Simple Network Visualization

library(yulab.utils)
library(igraph)
library(ggplot2)
library(ggtangle)
library(aplot)
library(ggfun)

net <- erdos.renyi.game(10, .5)

V(net)$name = letters[1:10]
E(net)$weight = abs(rnorm(length(E(net))))
E(net)$type = sample(LETTERS[1:3], length(E(net)), replace=TRUE)

p <- ggplot(net) + geom_edge()
p

Node color and size

p1 <- p + geom_point(size=6, color='steelblue')
p2 <- p + geom_point(aes(color = label %in% letters[1:5]), size=6)
p3 <- p + geom_point(aes(size = igraph::degree(net)), color='steelblue') 
p4 <- p + geom_point(aes(shape = label %in% letters[1:5]), color='steelblue', size=8) 

plot_list(p1, p2, p3, p4, ncol=2)

Node label

p5 <- p + geom_label(aes(label=label, color=label %in% letters[1:5]), size=5)
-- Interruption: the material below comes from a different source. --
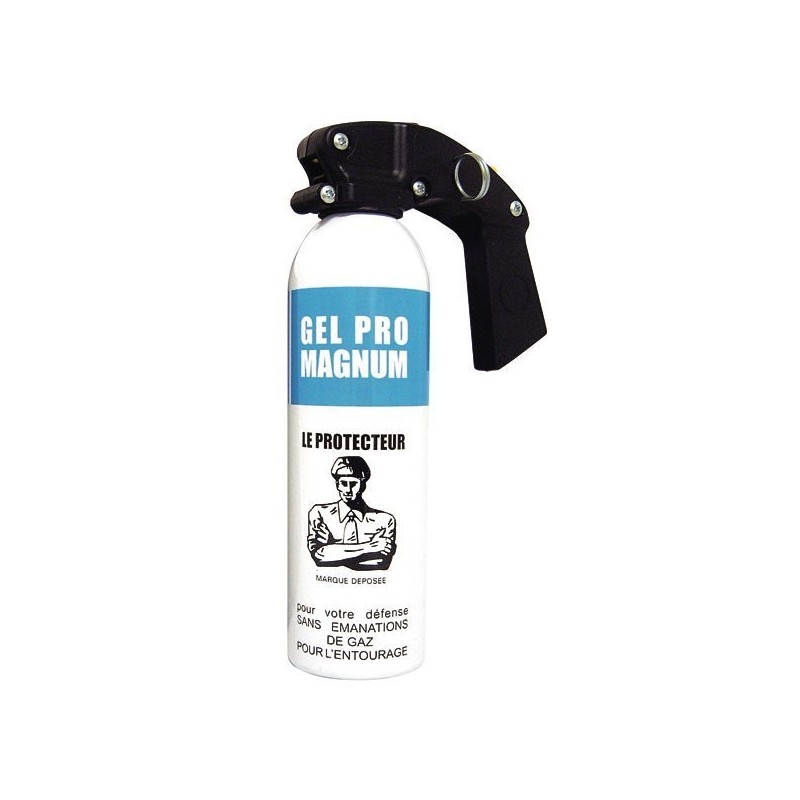 Spray Bombe lacrymogène Anti agression Gaz GEL Poi-vre 25 ML pack 2 A lire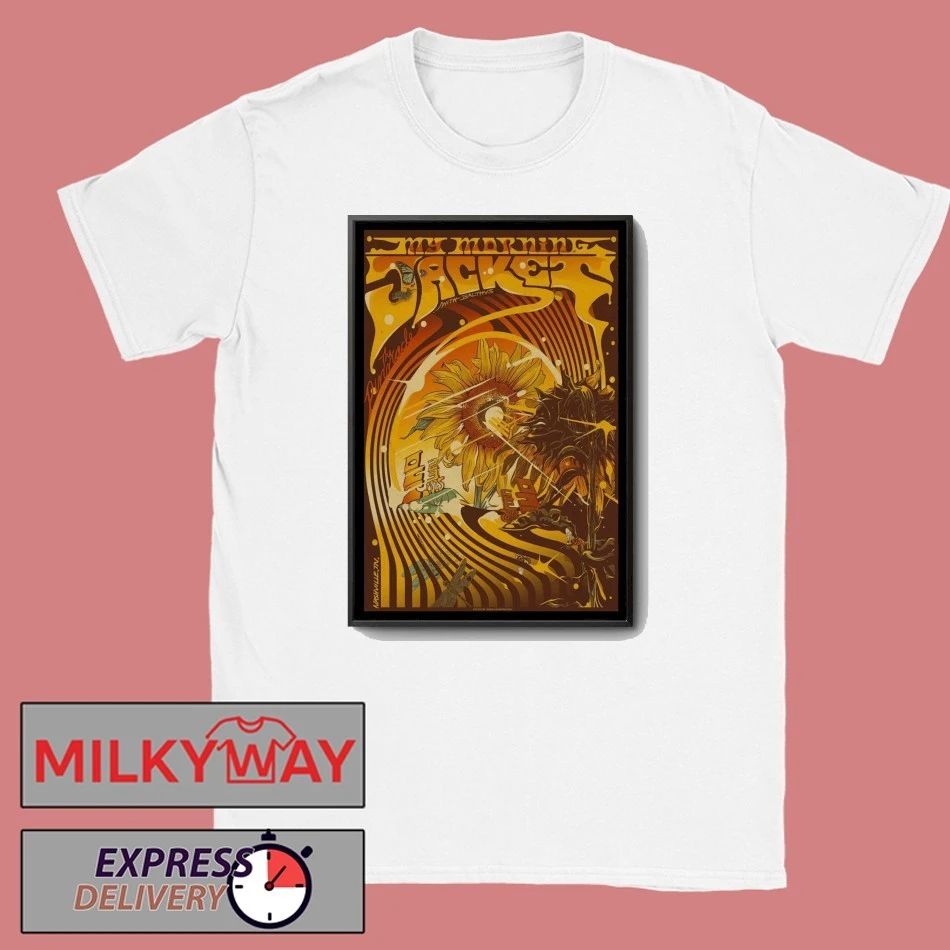 My Morning Jacket Nashville TN Concert 2025 Poster shirt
p6 <- p + geom_label(aes(label=label), size=5, data=ggtree::td_filter(label %in% letters[1:5]))

plot_list(p5, p6)

Edge

p7 <- ggplot(net) + geom_edge(aes(linewidth=weight)) 
p8 <- ggplot(net) + geom_edge(aes(color=type)) 
p9 <- ggplot(net) + geom_edge(aes(linetype=type)) 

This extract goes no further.